Python Hashtable: How to Efficiently Use a Hashtable
Build a Hash Table in Python With TDD
by Bartosz Zaczyński
Get to Know the Hash Table Data Structure
- Hash Table vs Dictionary
- Hash Table: An Array With a Hash Function
Understand the Hash Function
- Examine Python’s Built-in hash()
- Dive Deeper Into Python’s hash()
- Identify Hash Function Properties
- Compare an Object’s Identity With Its Hash
- Make Your Own Hash Function
Build a Hash Table Prototype in Python With TDD
- Take a Crash Course in Test-Driven Development
- Define a Custom HashTable Class
- Insert a Key-Value Pair
- Find a Value by Key
- Delete a Key-Value Pair
- Update the Value of an Existing Pair
- Get the Key-Value Pairs
- Use Defensive Copying
- Get the Keys and Values
- Report the Hash Table’s Length
- Make the Hash Table Iterable
- Represent the Hash Table in Text
- Test the Equality of Hash Tables
Resolve Hash Code Collisions
- Find Collided Keys Through Linear Probing
- Use Linear Probing in the HashTable Class
- Let the Hash Table Resize Automatically
- Calculate the Load Factor
- Isolate Collided Keys With Separate Chaining
Retain Insertion Order in a Hash Table
Use Hashable Keys
- Hashability vs Immutability
- The Hash-Equal Contract
Conclusion
Invented over half a century ago, the hash table is a classic data structure that has been fundamental to programming. To this day, it helps solve many real-life problems, such as indexing database tables, caching computed values, or implementing sets. It often comes up in job interviews, and Python uses hash tables all over the place to make name lookups almost instantaneous.

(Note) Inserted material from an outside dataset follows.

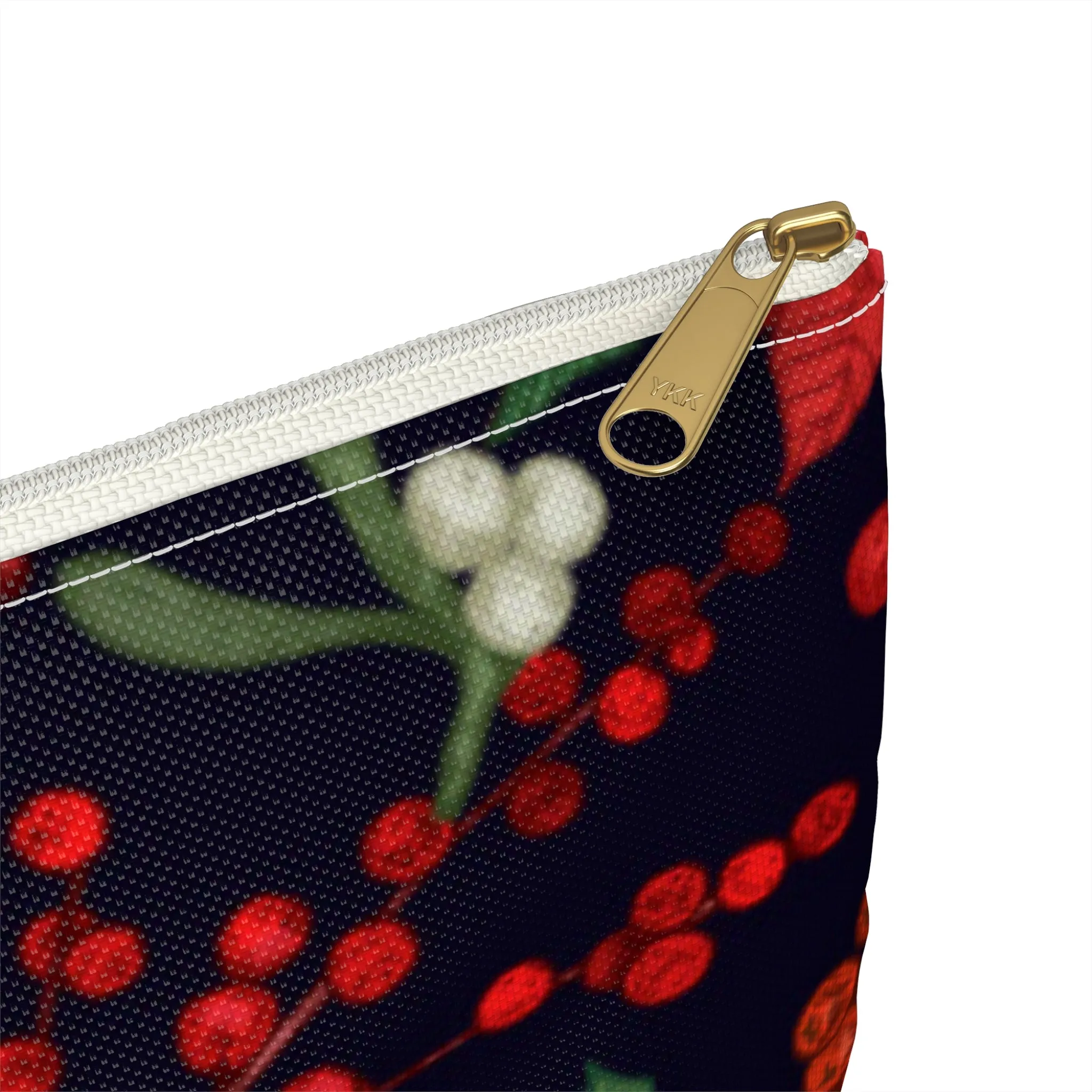 Joyful Accessory Pouch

Even though Python comes with its own hash table called dict
, it can be helpful to understand how hash tables work behind the curtain. A coding assessment may even task you with building one. This tutorial will walk you through the steps of implementing a hash table from scratch as if there were none in Python. Along the way, you’ll face a few challenges that’ll introduce important concepts and give you an idea of why hash tables are so fast.
In addition to this, you’ll get a hands-on crash course in test-driven development (TDD) and will actively practice it while building your hash table in a step-by-step fashion. You’re not required to have any prior experience with TDD, but at the same time, you won’t get bored even if you do!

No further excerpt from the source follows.